Este ano, gastámos três borrachas a apagar manuais para nada
Em nome da liberdade de escolha, criámos um monstro. Só para o 2.º ciclo há 178 manuais escolares: 14 são de Educação Física.
No email que enviou ao PÚBLICO com as respostas oficiais sobre manuais escolares, o assessor de imprensa do Ministério da Educação e Ciência não resistiu e incluiu um post scriptum. Transcrevo:
PS — Espero que já tenha resolvido a questão com a professora de Português de 5.º ano da sua filha e respetivo [sic] manual.
Achei bonito e agradeço o cuidado. O assessor terá visto que, no Facebook, para além de fotografias de autocarros turísticos gigantes que entopem a minha rua diariamente, gosto de publicar fotografias sobre manuais escolares.
Seria uma boa notícia se este problema fosse apenas meu. Para minha tristeza somos um milhão.
Há décadas que em Portugal protestamos por causa dos manuais escolares. Praticamente desde que acabaram os “livros únicos” do Estado Novo. Em democracia, não gostamos da ideia de o Estado não dar possibilidade de escolha.
Mas a solução que encontrámos não só é perversa, como mascara o facto de ser justamente o Estado quem mais escolhe. Em nome da liberdade de escolha, criámos um monstro. Estive a contar: só para o 2.º ciclo do ensino básico (5.º e 6.º anos) há este ano 178 manuais escolares. Alguns exemplos: há 14 manuais de Educação Física; 14 de Educação Musical; 16 de Moral; 16 de Matemática; 19 de Ciências Naturais; 22 de Inglês e 22 de Português. Fazer contas para tudo tornaria este exercício demasiado maçador, mas se pensarmos só nos 118 mil alunos inscritos no 5.º ano, estamos a falar de um mercado editorial de mais de 20 milhões de euros. Não é um mau negócio.
Na prática, ano após ano, o sistema ignora o interesse das famílias. A 15 de Setembro, o Movimento pela Reutilização dos Livros Escolares apresentou uma queixa ao provedor da Justiça por causa disto. Levou sete mil assinaturas. Só tenho pena de ter estado tão ocupada a comparar manuais “velhos” e manuais novos que não me apercebi disso e não fui a tempo de me juntar.
Os livros escolares são uma questão pública que interessa a todos. A pais, a não-pais, a futuros pais. A escolas, professores, autores, entidades certificadoras (há 28 na última lista da Direcção-Geral de Educação), editoras e, acima de tudo, ao Estado.

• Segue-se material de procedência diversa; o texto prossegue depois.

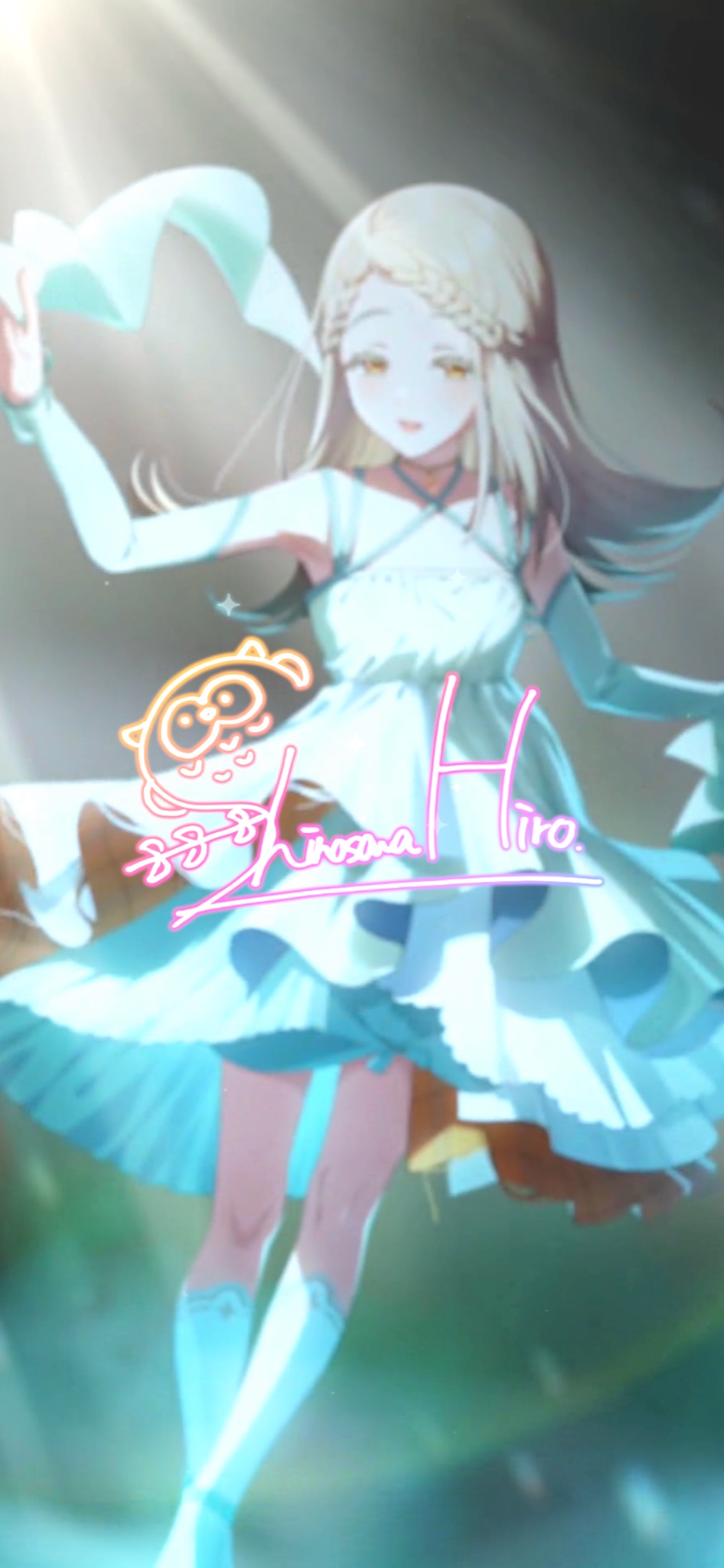 ヴァイスシュヴァルツ コントラスト 篠澤広 SEC サイン付き トップ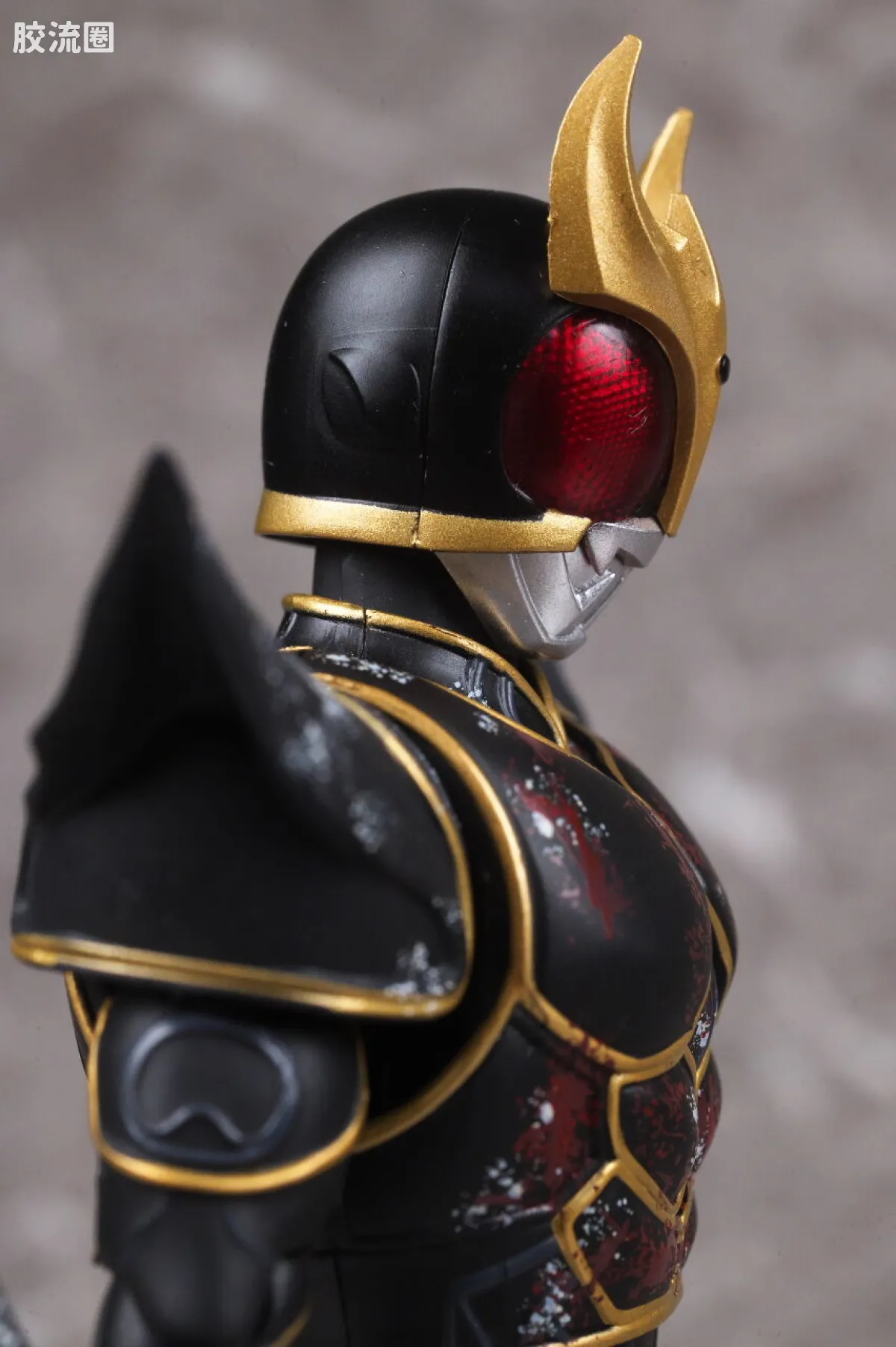 SHF 真骨雕假面骑士系列 假面骑士空我 九郎岳的死斗套装 - 图片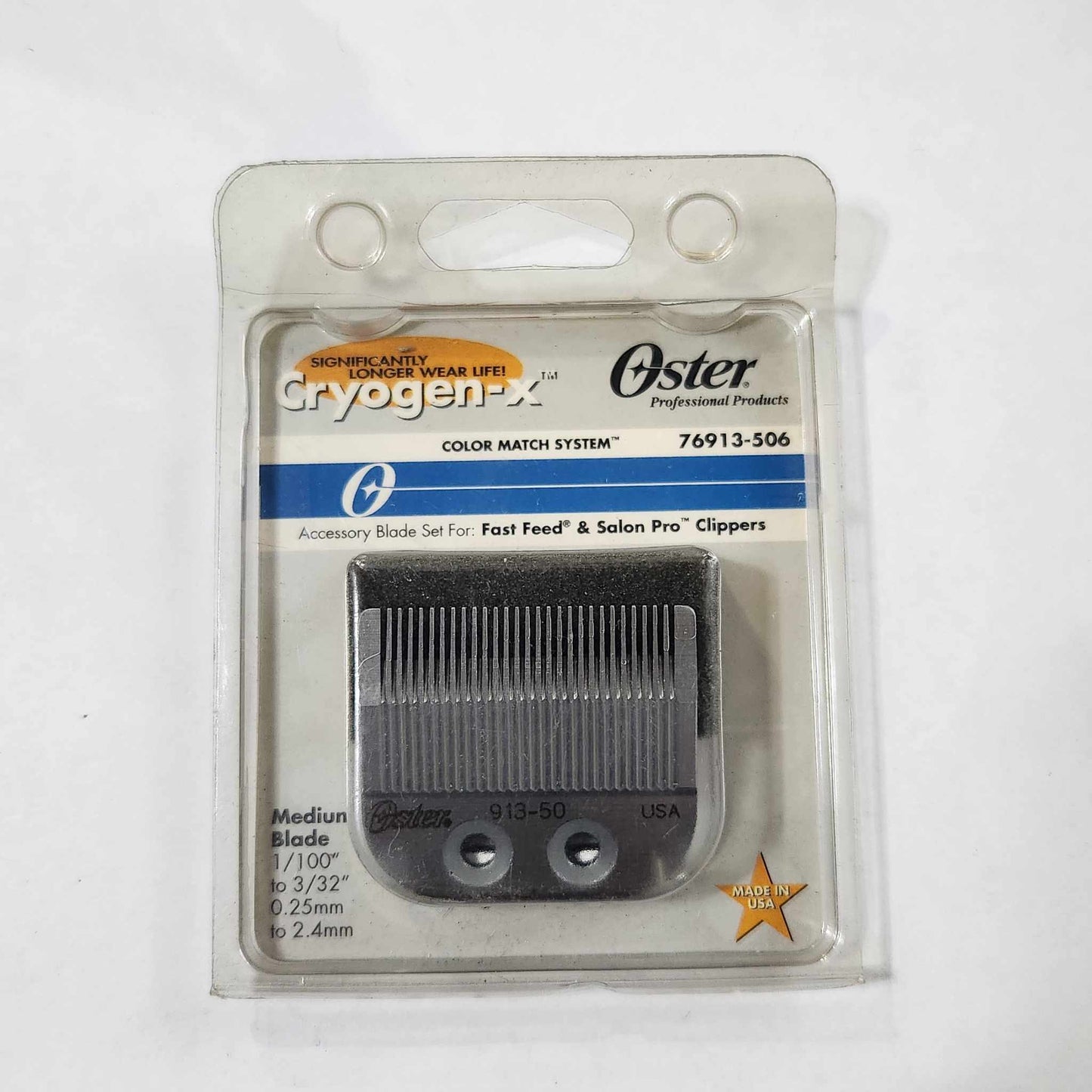 Oster Cryogen-X Medium Replacement Blade for Fast Feed & Salon Pro Clippers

Este Verão passámos algumas horas na mesa da cozinha a apagar manuais usados. Gastámos três borrachas, mas fomos uma família feliz. Soube mais tarde que uma mãe da “nossa” escola paga aos quatro filhos um euro por cada livro apagado. Quando a escola publicou as listas dos manuais adoptados, percebemos que só tínhamos de comprar três. Entre os livros pedidos e os herdados de irmãos e amigos, as diferenças eram mínimas. Mesmo título, mesmo autor, mesmo editor. Check, check, check. Acordámos para a realidade pouco depois. Afinal, o que é a felicidade senão sinónimo de efémero?
Um após outro, os nossos manuais usados — todos dentro dos seis anos de vida previstos pela lei — foram rejeitados. Aflita, a minha filha do meio começou a trazer recados da escola. Mais ou menos exagerados, mais ou menos rigorosos, a essência era a mesma: aqueles livros já não eram bons. Depois de três semanas de discussões, emails, protestos, apelos e reuniões na escola, desistimos.
Obedientes, como se querem os cidadãos, comprámos as novas edições de todos os manuais que tínhamos em casa, guardados há três anos à espera de serem reutilizados.
Quando chegaram os novos, postos lado a lado, pareciam 98% iguais. Decidi verificar. Página a página. Escolhi o de Português. Afinal são só quase 80% iguais. Quando estiver entediada e sem ideias melhores, vou dedicar mais uns serões a comparar manuais. Aceitam-se pedidos.